Argos Studio/Gallery and Santa Fe Etching Club present a comprehens­ive exhibit of Teichman’s prints in advance of a workshop for experience­d etchers. At that workshop, Teichman teaches her process, which involves using multiple plates to achieve subtle color gradients and contrasts. “The technique I use really lends itself to night scenes, because you can get such beautiful blacks and darks. It’s all done with layering. That’s one of the things I love about the technique. Also, the light coming out of the darkness is another thing that I love and is possible to render using this technique.”

But the show, Mary Teichman, Master Intaglio Printmaker, features more than just urban night scenes. She does still lifes and landscapes as well. The latter is a genre she avoided for many years. “My parents were both landscape painters,” she said. “I didn’t think I could do a landscape while my parents were still alive, because that was their territory.” Some years after their deaths, she gave landscapes a try. “The first landscape I’ve ever done was maybe three years ago. My husband and I were on vacation on Cape Cod, and we happened to be staying at this place that Edward Hopper had painted. Walking around the sand dunes around there, I really felt like I was inside a Hopper painting. I was inspired by this. There’s a print called Ryder House, Truro. That was my first landscape.”

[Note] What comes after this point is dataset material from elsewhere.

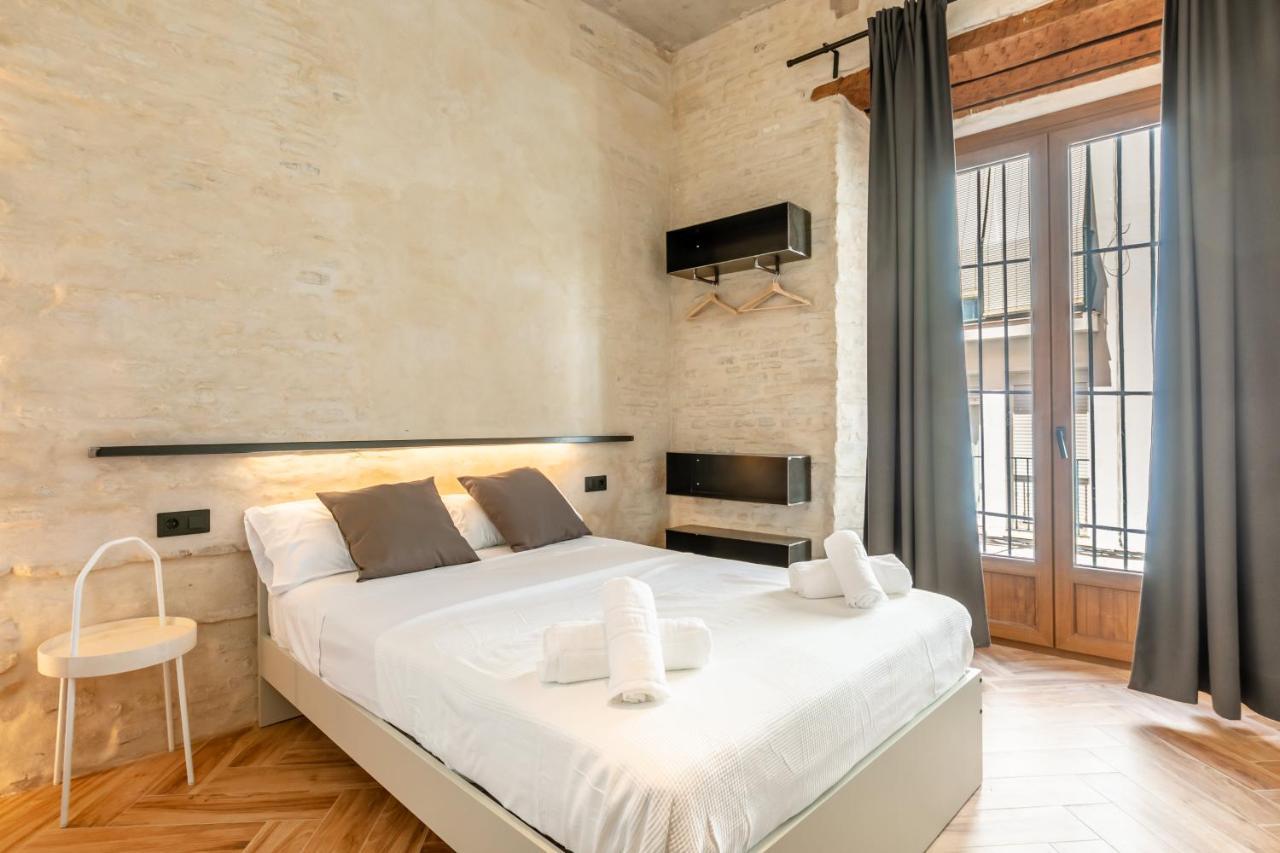 Santa Clara Appartement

The print Ryder House, Truro (After Hopper) is in the exhibition. It’s a daytime scene, and the foreground of the Cape’s tall marsh grasses is largely obscured by shadow, rendering the landscape ambiguous. Like many of her etchings, it’s a painterly compositio­n, resembling a watercolor. “I started out as a painter in college and didn’t know I was going to get so interested in printmakin­g,” she said. “All the processes I use are intaglio processes. I use line etching, soft ground, and a lot of aquatint. The aquatint gives them that watercolor look. You grind up tree-sap rosin into a fine powder, sprinkle it on the plate, and melt it so

that there are little blobs of rosin dust. When you immerse it in acid, the acid etches in between all the little blobs of melted rosin, which are very fine.”

Teichman was born in New Jersey and moved to New York City to attend the Cooper Union for the Advancemen­t of Science and Art in the 1970s. She remained in the city for 17 years before moving to western Massachuse­tts 25 years ago, where she set up her studio in an old converted factory building. The factories in her vicinity, especially as they appear at night, are what inspire many of her images, far removed from the processes used to create them. “Most of what I’ve done since I moved to western Mass are these factories at night.”

Intaglio prints can involve drawing with an etching needle and then submerging the plate into an acid bath that fixes the lines in the plate. The etched, recessed lines hold the ink before the print is pulled. Using multiple plates to create a layered image allows for a broad range of coloring and detailed scenes. “It’s sort of like solving a puzzle,” she said. “The overlappin­g and the interplay of the different plates have to fit together. That puzzle part of it has always drawn me. There’s definitely the element of surprise, which is the engaging thing about the technique. I’ve been doing this for a really long time, so I have a pretty good idea of what I’m going to get, but it’s one thing to see something in your mind, and it’s an entirely different thing to really see it.” Teichman can be working for weeks before she gains a real sense of how a finished print will look, unlike with painting, which is potentiall­y more immediate.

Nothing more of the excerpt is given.